開発の停滞と再開
出典: フリー百科事典『ウィキペディア(Wikipedia)』 (2022/06/09 07:11 UTC 版)
「小田急3000形電車 (初代)」の記事における「開発の停滞と再開」の解説
これと並行して、小田急の社内での意見をまとめた上で設計に反映させるため、社内に車両委員会が設置された。 しかし、それまでの小田急の車両からは飛躍的に突出した構想であったことから、社内の意見をまとめるのに難航した。
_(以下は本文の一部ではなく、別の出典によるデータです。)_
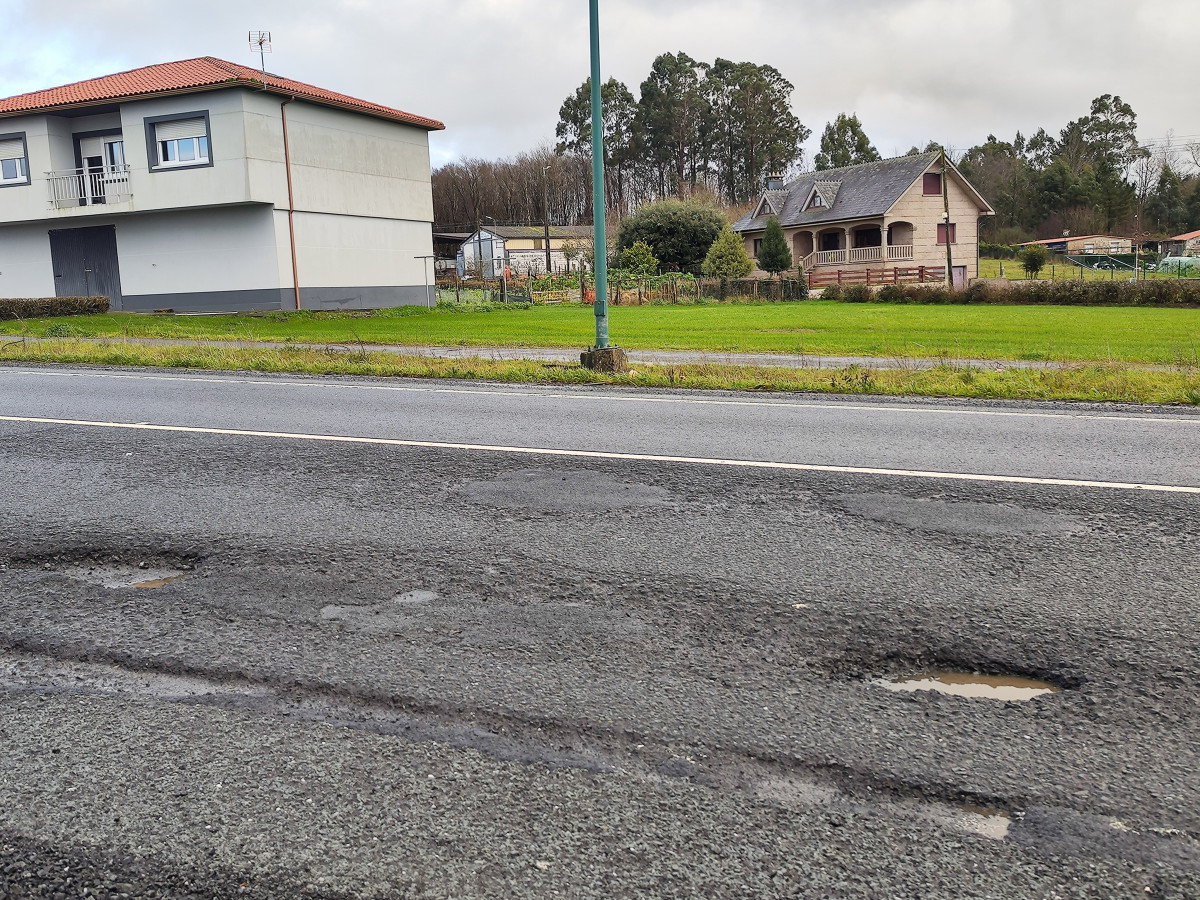 Socavones en la Nacional 634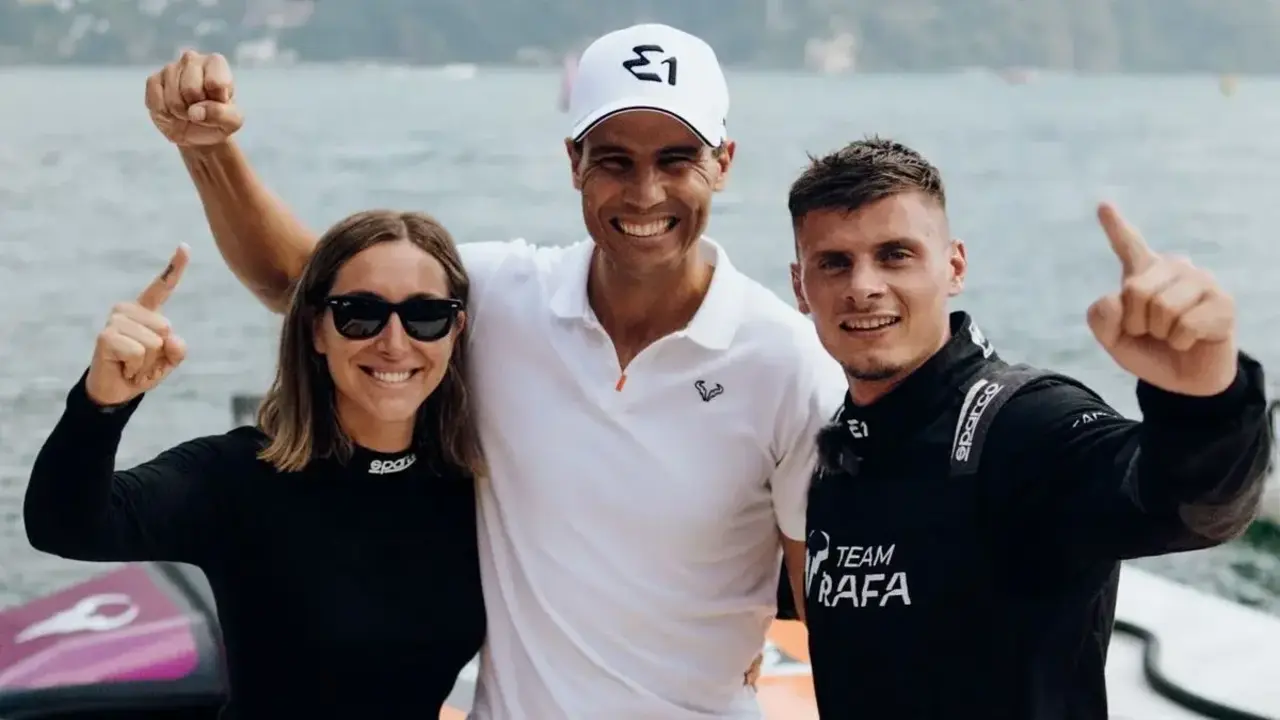 Rafael Nadal tras su primera victoria junto a Cris Laz&aacute;rraga y Tom Chiappe, pilotos de su equipo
運転席を低くしたために 運転部門からは「踏切事故の際に運転士の危険度が高い」「運転台からの見通しが悪すぎる」 という意見が、また客室床面が低いために 営業部門からは「座席の乗客がホームから見下ろされるためサービス上問題」 という意見があったという。必死に説得を続けたものの、「そんな突拍子もない車両は使えない」という運転部門からの反発は大きく、ついに1955年秋には検討を一時棚上げするという事態になった。 ところが、半年後の1956年3月、新宿から貨物線経由で小田原や伊豆方面に向かう準急列車「天城」の運行が国鉄から発表された。この列車の運行によって、小田急の観光輸送への大きな影響が予想されたため、社内は「これに対抗しうる画期的な新特急車の製作を急ぐべし」との意見に統一され、開発は再開された。 1956年5月には仕様が決定し、同年6月末から製作が開始されることになった。当初は前述の通り全長70mの5両連接車で計画されていたが、1957年5月から小田急で全長105mの6両編成による運転が開始されることになっていたため、1956年5月7日に全長108mの8両連接車に計画が変更された。経験・実績に乏しい方式だったにもかかわらず8両連接車を採用したのは、当時としては大英断であったと評されている。運転台を2階に上げて展望席を設置する案 や、二等車等の優等車両を設ける案もあったが、最終的にはこれらの案は採用されなかった。 車両の調達に際しては、小田急・日本車輌製造・川崎車輛・住友信託銀行の4社で車両信託制度という新しい制度が設けられた。これはアメリカ合衆国のフィラデルフィアプランと呼ばれる制度に倣ったもので、新型特急車両は日本で初めて車両信託制度が適用された車両となった。 こうして、「画期的な軽量高性能新特急車」として登場したのがSE車である。